Q. OUR company is quite a successful one. Established 25 years ago, we were the upstart in our industry. Today, we are the market leader, a position that we have held for the past 15 years. Unfortunately, many of our employees have developed a sense of complacency, even our HR Department. If you call the HR Department at around 10 in the morning, you will find many of the staff, the senior ones especially, not yet at their desk. No wonder the rest of the organization follows suit. And to think that we are paying our employees top of the line compensation—even higher than the market value for similar positions. How did we get this way? And what can we do to get back the energy of our early years?
A. As I was reading your email, I was reminded of Garfield, the plump lazy cat in the popular comic strips of the same name. I could actually visualize your company as Garfield, contentedly purring in front of the porch, enjoying the warm sunshine after a hefty meal. Well that is the problem of most successful companies, there is a tendency to just enjoy the rewards of winning and not engage in competition. This actually is the most dangerous stage of the game: when you are at the top, everything is downhill from then on.

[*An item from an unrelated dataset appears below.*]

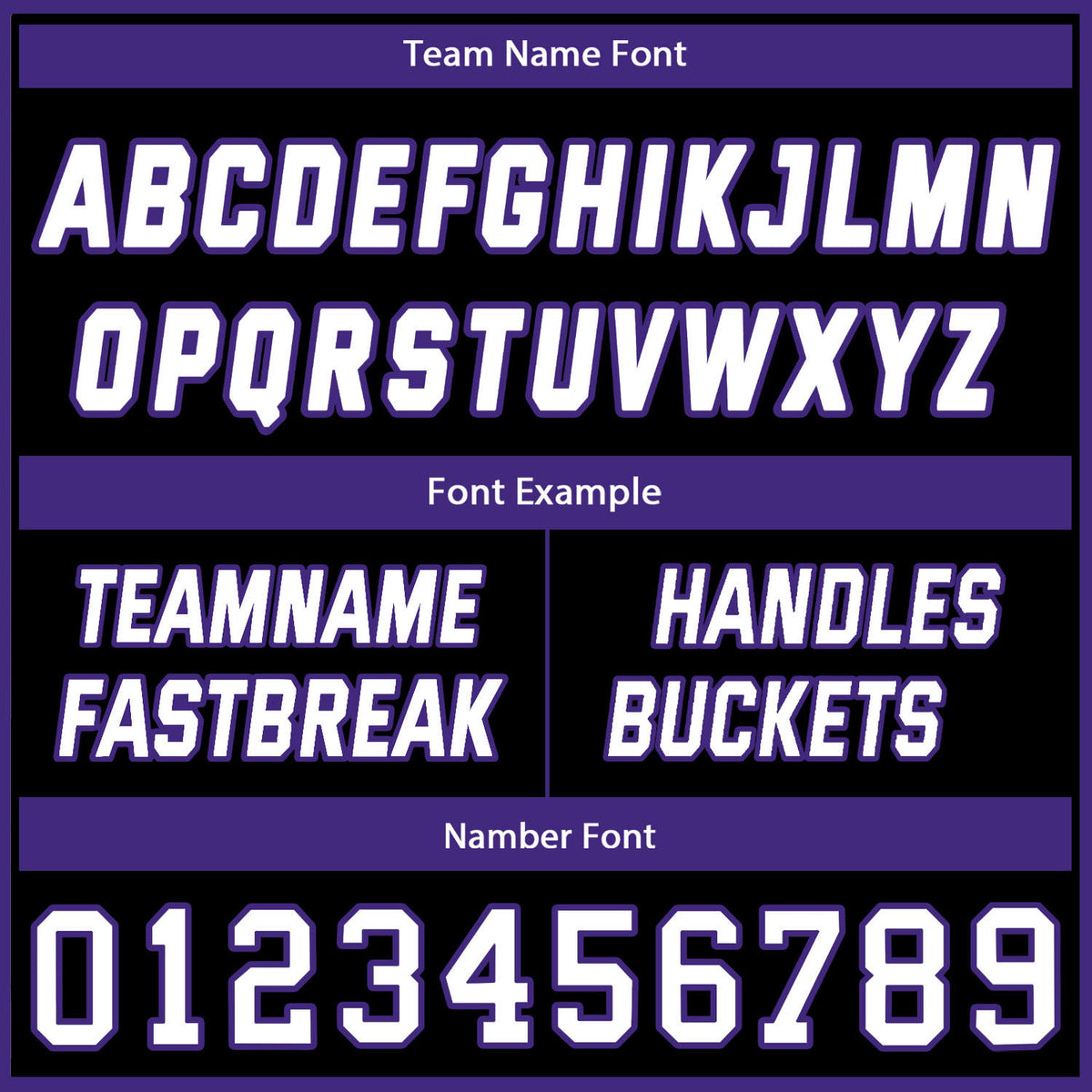 Custom Reversible Basketball Jersey + Shorts Set (Purple-Black & Red-Black Colorful Wave) - Personalized Team Name, Number & LOGO | Vosoli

This need not be the case though. In “The Age of Paradox” by Charles Handy, a book published 15 years ago but still very relevant today, the author wrote about the Sigmoid Curve. It is the horizontal S curve that is a symbol for the rise and decline of individuals and organizations. The topmost point is Point A where your company is right now. If you follow the curve, the natural progression would be going down. However, Handy states that “Wise are they who start a new curve before the first one peters out, because that is the way to build a new future.” And that “The secret to constant growth is to start a new Sigmoid Curve before the first one peters out.” Leaders drive the vision to point A and then start anew at a point lower than Point A and transform into a new organization. I suppose this is what your organization needs right now, a new Sigmoid Curve, a redefinition of its vision and mission, a goal that’s beyond your reach so that the organization can once again be infused with a new energy.
Q. We are an event organizer and we run large-scale conferences and events. We notice that customers now are getting to be more demanding sometimes to the point of being “customers from hell.” We aim to give the best to our customers but sometimes, like any organization (or human being for that matter), we fail to deliver to expectations. How do we deal with these types of customers?

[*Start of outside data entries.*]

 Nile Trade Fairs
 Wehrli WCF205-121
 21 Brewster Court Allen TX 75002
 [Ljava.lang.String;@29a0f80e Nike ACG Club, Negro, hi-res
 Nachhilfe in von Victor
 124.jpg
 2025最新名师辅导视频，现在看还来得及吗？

A. Surveying literature on this, there seems to be two schools of thought on how to deal with “customers from hell” who give you a hard time. One is to deal with them and to handle them diplomatically. The other is don’t deal with them, they are not your customers. I lean more toward the latter school of thought.

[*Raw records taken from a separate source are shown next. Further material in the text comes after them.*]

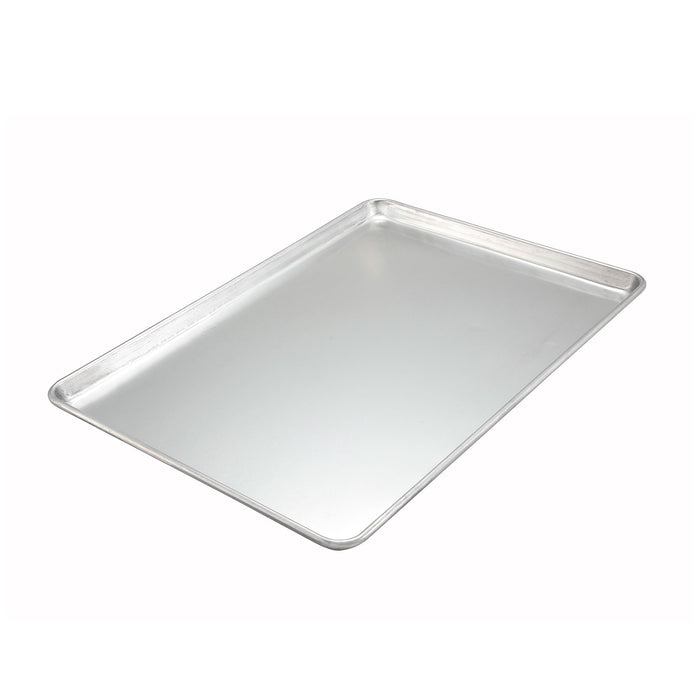 Winco, ALXP-2618H, Bun / Sheet Pan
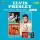 Presley Elvis - FOUR CLASSIC ALBUMS PLUS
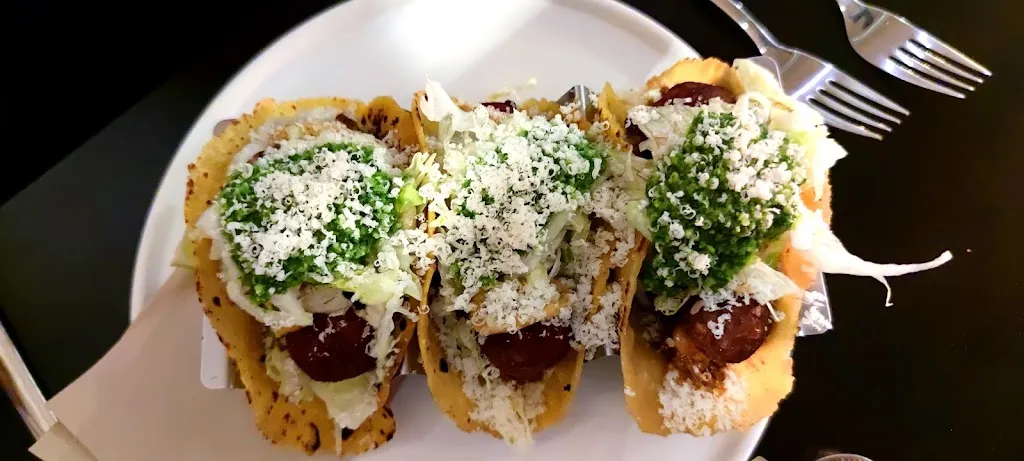 Menu_nö._Ulm_immagine_8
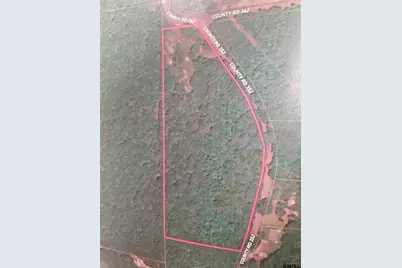 18095 Cr 352, Winona, TX 75792 - Photo 17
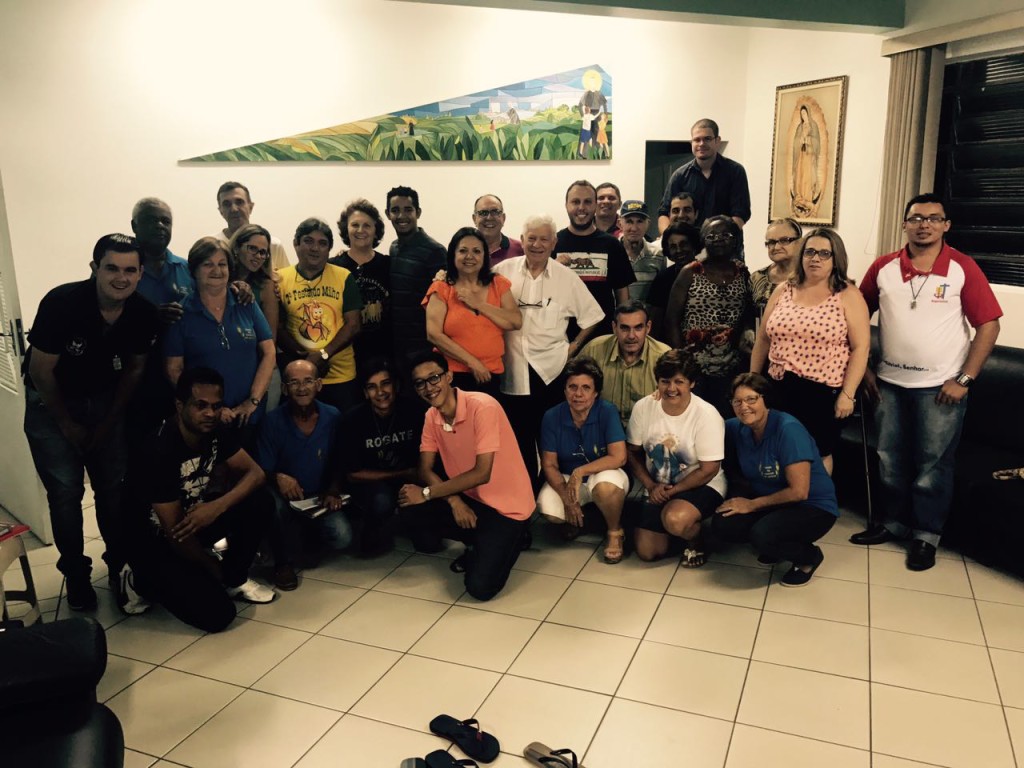 WhatsApp Image 2017-03-14 at 22.35.27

I think customers—or anyone for that matter—have no right to give anyone “hell” simply because they did not get what they wanted. They have the option to remove their business from you if you fail to provide the product or service that they paid for. On the other hand, you also have the option not to offer your products or services to them if spending too much time attending to their needs are drawing valuable resources away from your loyal customers.
Many people have the notion that you should give other individuals the respect “that they deserve,” making respect conditional to how you judge them. I believe that every person deserves respect regardless of how you judge them, simply on the basis that each individual is a human being. Respect should be given like the sun that shines equally on all of us, regardless of economic status, gender, age and other differences.